» Available data
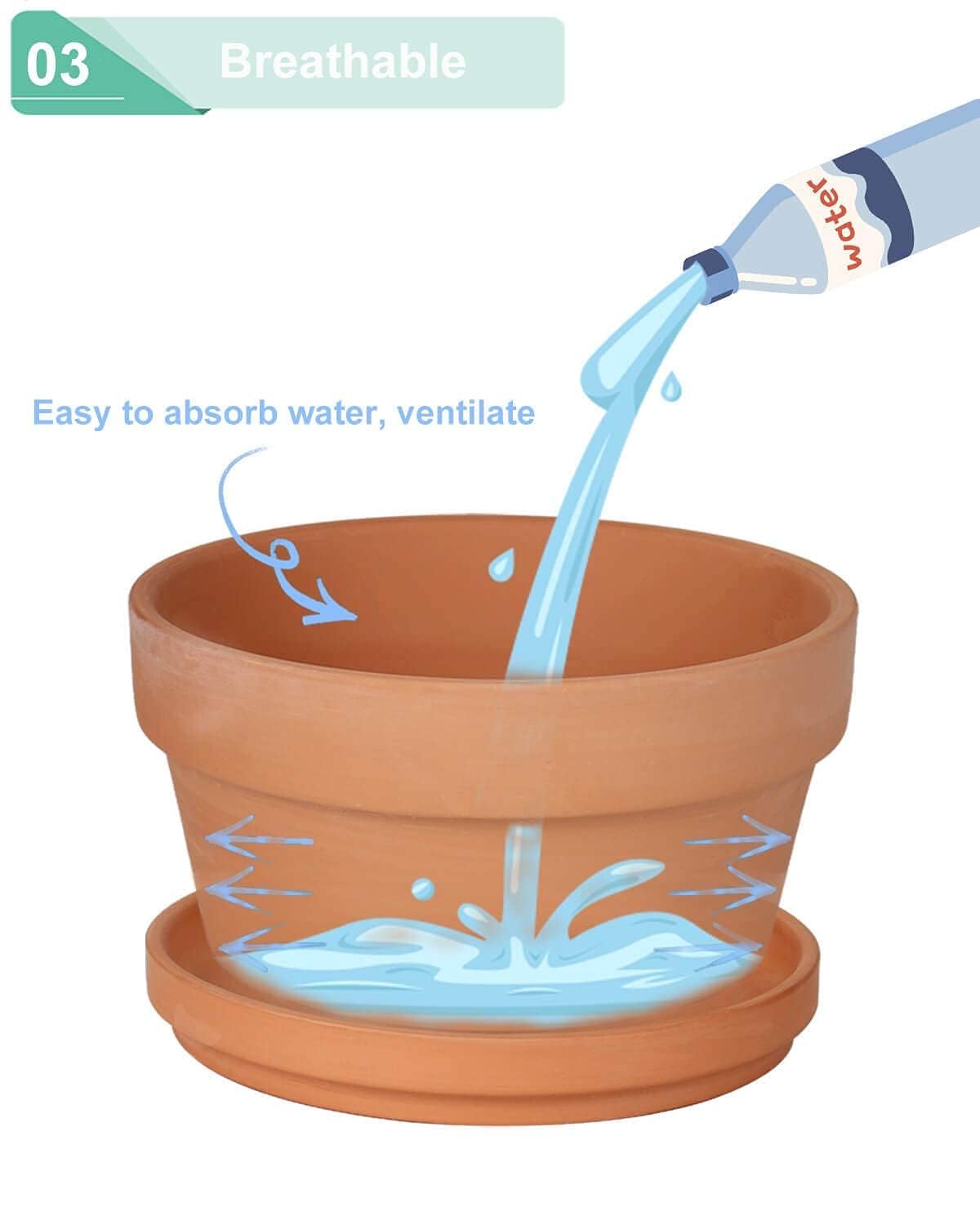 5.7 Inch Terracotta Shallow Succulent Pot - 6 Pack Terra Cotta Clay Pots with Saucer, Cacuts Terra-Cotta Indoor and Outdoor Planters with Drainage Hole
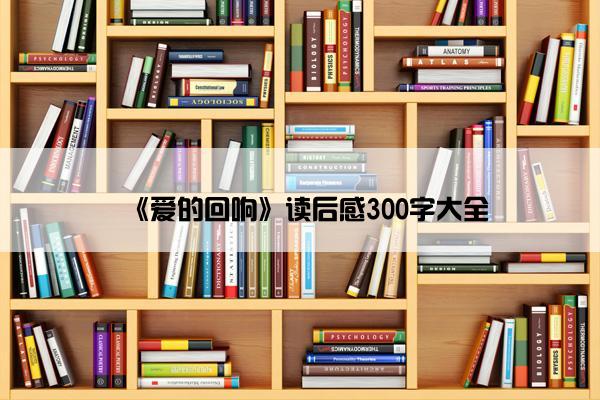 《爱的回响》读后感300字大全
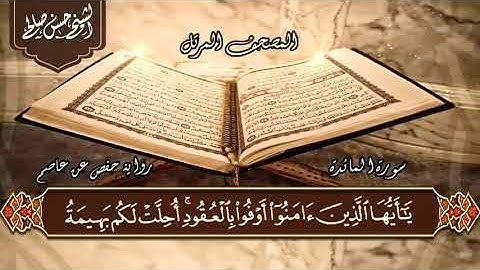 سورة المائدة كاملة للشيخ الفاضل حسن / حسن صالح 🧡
* * *
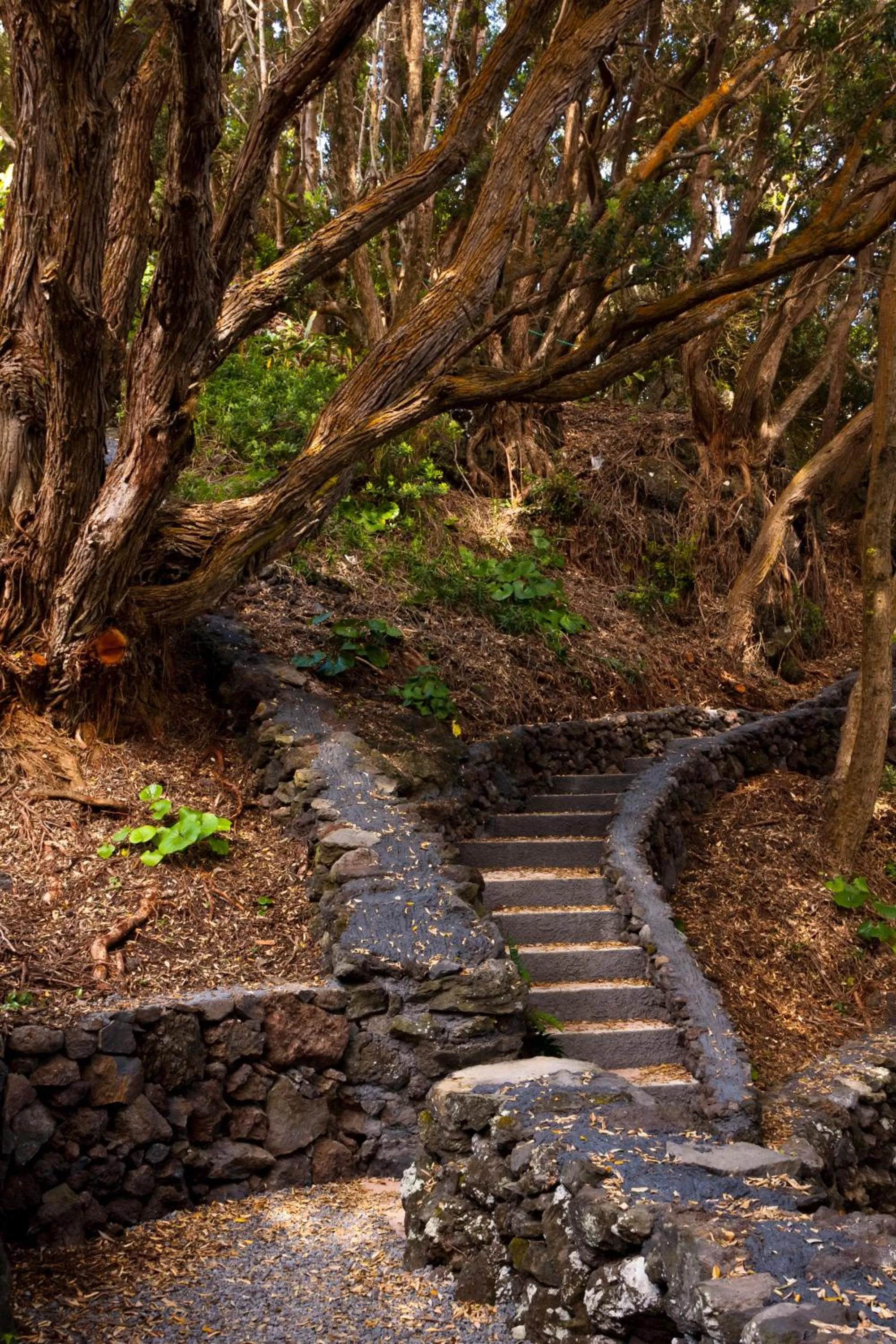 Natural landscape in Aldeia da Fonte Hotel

» Exercise aim
With the pictures omitted, copy exactly the lines of the listing above starting at the line containing "5.7 Inch Terracotta" and ending at the line containing "سورة المائدة كاملة", both included.

» Response box
 5.7 Inch Terracotta Shallow Succulent Pot - 6 Pack Terra Cotta Clay Pots with Saucer, Cacuts Terra-Cotta Indoor and Outdoor Planters with Drainage Hole
 《爱的回响》读后感300字大全
 سورة المائدة كاملة للشيخ الفاضل حسن / حسن صالح 🧡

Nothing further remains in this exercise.